Memory Profiler
The Memory Profiler is a tool you can use to identify areas in your Unity Project, and the Unity Editor, where you can reduce memory usage. You can use it to capture, inspect, and compare memory snapshots.
When you install the Memory Profiler, you can access its data through the Memory Profiler window in the Unity Editor. It gives you an overview of native and managed memory allocations, and can help you detect memory leaks and fragmentation.
You can use it to profile the memory of any Unity Project. The Memory Profiler is separate to the in-built Unity Profiler, and you can use both tools to profile your application. The Memory Profiler package is designed to give you more detailed information about the memory allocations in your application.
Preview package
This package is available as a preview, so it is not ready for production use. The features and documentation in this package might change before it is verified for release.

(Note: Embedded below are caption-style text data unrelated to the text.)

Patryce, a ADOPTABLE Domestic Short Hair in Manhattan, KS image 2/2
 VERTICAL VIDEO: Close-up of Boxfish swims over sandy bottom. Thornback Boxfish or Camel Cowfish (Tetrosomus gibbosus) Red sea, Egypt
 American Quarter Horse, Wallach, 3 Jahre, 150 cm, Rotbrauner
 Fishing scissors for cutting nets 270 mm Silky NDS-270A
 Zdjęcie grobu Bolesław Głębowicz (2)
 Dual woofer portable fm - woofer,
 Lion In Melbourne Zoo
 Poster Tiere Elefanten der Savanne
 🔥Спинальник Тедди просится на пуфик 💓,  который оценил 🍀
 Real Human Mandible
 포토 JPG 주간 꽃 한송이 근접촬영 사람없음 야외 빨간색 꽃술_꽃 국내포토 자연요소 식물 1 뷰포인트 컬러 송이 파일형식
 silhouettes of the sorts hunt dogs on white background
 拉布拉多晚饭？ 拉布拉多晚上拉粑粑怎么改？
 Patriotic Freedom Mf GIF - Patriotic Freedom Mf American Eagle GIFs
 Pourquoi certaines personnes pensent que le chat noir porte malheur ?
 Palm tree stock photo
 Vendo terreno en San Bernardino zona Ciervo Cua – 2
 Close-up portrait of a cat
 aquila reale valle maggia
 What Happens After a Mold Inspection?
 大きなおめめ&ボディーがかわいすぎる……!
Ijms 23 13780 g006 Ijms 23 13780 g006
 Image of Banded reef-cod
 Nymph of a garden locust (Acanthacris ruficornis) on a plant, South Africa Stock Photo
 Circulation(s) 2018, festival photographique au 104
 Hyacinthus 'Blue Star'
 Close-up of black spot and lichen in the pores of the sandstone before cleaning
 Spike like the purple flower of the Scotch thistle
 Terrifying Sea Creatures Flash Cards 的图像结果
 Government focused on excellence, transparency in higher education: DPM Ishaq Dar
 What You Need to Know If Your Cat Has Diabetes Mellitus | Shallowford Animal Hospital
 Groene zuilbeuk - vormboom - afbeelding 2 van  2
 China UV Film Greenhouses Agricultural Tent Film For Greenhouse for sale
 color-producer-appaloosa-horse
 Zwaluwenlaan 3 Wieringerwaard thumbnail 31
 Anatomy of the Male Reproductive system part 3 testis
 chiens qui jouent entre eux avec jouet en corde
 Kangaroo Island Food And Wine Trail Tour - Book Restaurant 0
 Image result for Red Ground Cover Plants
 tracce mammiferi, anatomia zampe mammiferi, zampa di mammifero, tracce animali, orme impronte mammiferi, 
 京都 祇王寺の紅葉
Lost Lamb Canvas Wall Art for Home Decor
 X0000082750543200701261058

Installing Memory Profiler
To install this package, follow the instructions in the Package Manager documentation. Because it's a preview package, in the Package Manager window, you must enable Preview Packages. Select the Advanced drop-down at the top of the window, then enable Show preview packages.
Requirements
This version of the Memory Profiler is compatible with the following versions of the Unity Editor:
- 2018.3 and later.
When you install the Memory Profiler package it automatically installs the Editor Coroutines package as a dependency.
Known limitations
The Memory Profiler package has the following known limitations:
- Only Development Builds, and the Editor can use the Memory Profiler. This limitation means that you can’t profile release builds. The Unity Profiler has the same limitation. For more information on profiling applications, see the User Manual documentation on Profiling your application.
- The memory capture allocates memory, so in some cases the system might run out of memory and crash the application.
- When you take a capture, it might temporarily freeze the capture target (the Editor or remote application). The length of this freeze depends on the complexity and memory usage of the application.
- The Memory profiler does not have support for single threaded platforms, such as WebGL.
- If you want to take a screenshot to accompany the memory snapshot, this only works with Players built with a Unity 2019.3 or newer. For more details, see the Troubleshooting area of this documentation.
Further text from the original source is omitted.